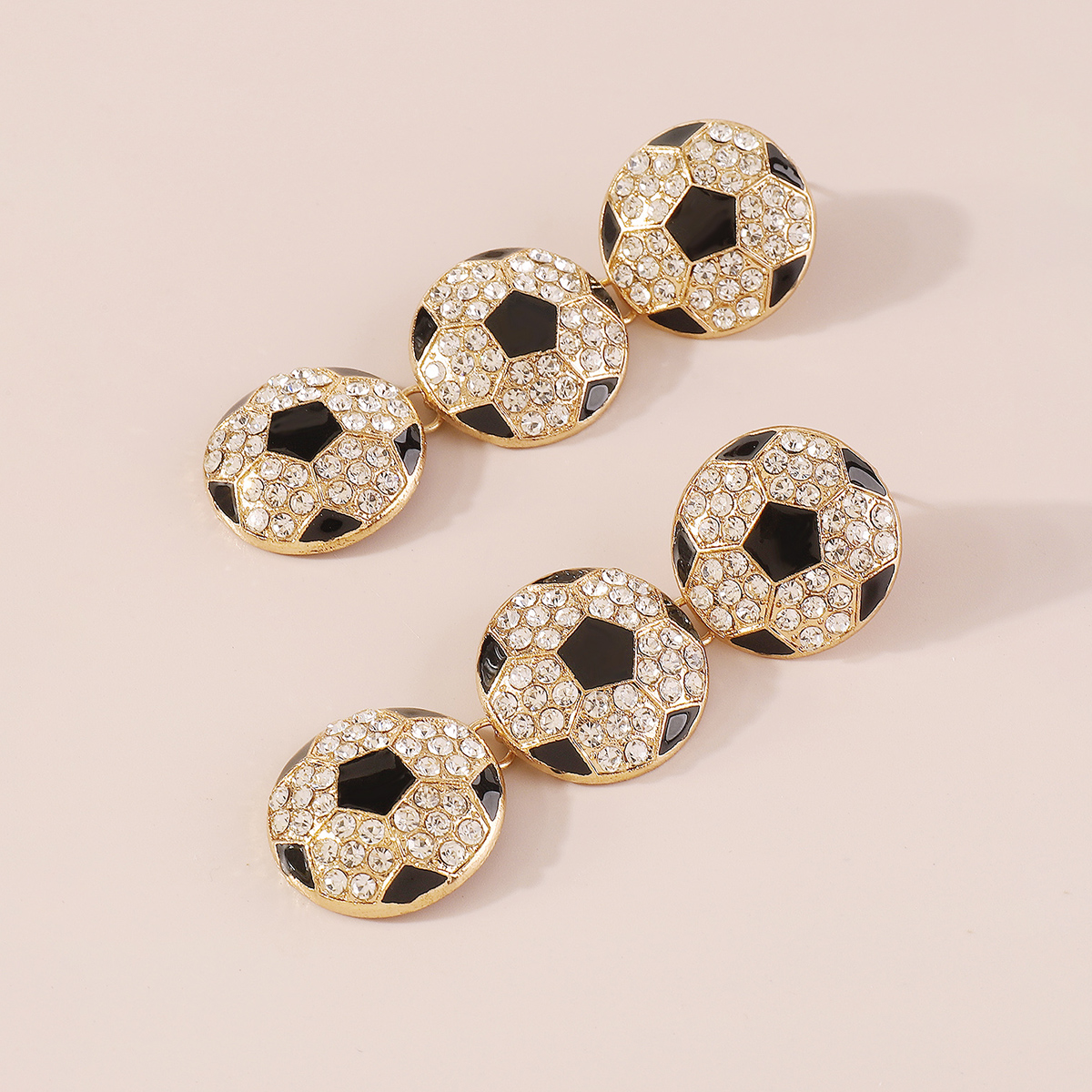 1 Pair Exaggerated Shiny Ball Basketball Football Enamel Inlay Alloy Rhinestones Drop Earrings display picture 18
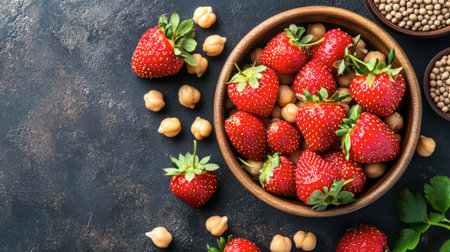 A wooden bowl filled with fresh strawberries alongside chickpeas showcases vibrant colors and healthy ingredients, perfect for culinary designs or recipes.の素材
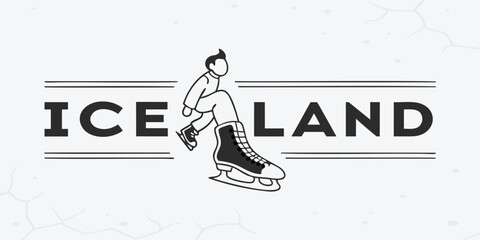 Poster - Stylized ice land text logo with a skater and a skate in black and white minimal design vector image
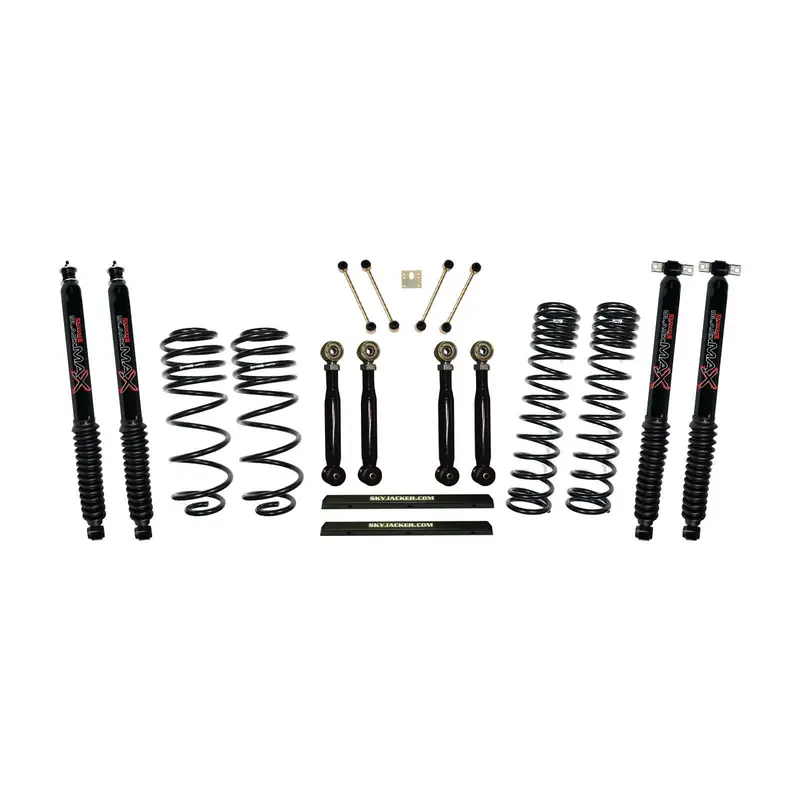 Skyjacker Tj401Bpbltx 4 Inch Dual Rate Long Travel One Box Kit W/Adjustable Front And Rear Lower Flex Links And Black Max Shocks Tj/Lj 1997-2002 Jeep Wrangler Skyjacker 1
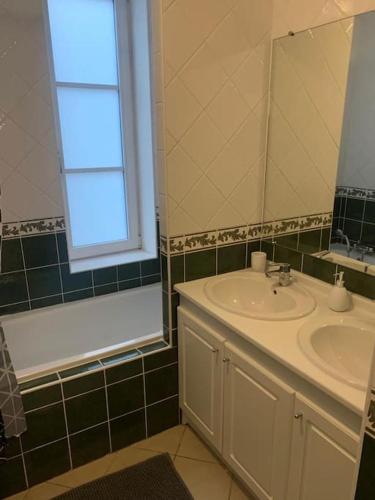 une salle de bain avec un lavabo, un miroir et une baignoire dans l'établissement T4 en centre-ville, proche gare avec parking, à Valenciennes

================================

The full data, repeated exactly and stripped of its pictures, is the expected answer.

» Reply to the exercise:
 1 Pair Exaggerated Shiny Ball Basketball Football Enamel Inlay Alloy Rhinestones Drop Earrings display picture 18
 A wooden bowl filled with fresh strawberries alongside chickpeas showcases vibrant colors and healthy ingredients, perfect for culinary designs or recipes.の素材
 Poster - Stylized ice land text logo with a skater and a skate in black and white minimal design vector image
 Skyjacker Tj401Bpbltx 4 Inch Dual Rate Long Travel One Box Kit W/Adjustable Front And Rear Lower Flex Links And Black Max Shocks Tj/Lj 1997-2002 Jeep Wrangler Skyjacker 1
 une salle de bain avec un lavabo, un miroir et une baignoire dans l'établissement T4 en centre-ville, proche gare avec parking, à Valenciennes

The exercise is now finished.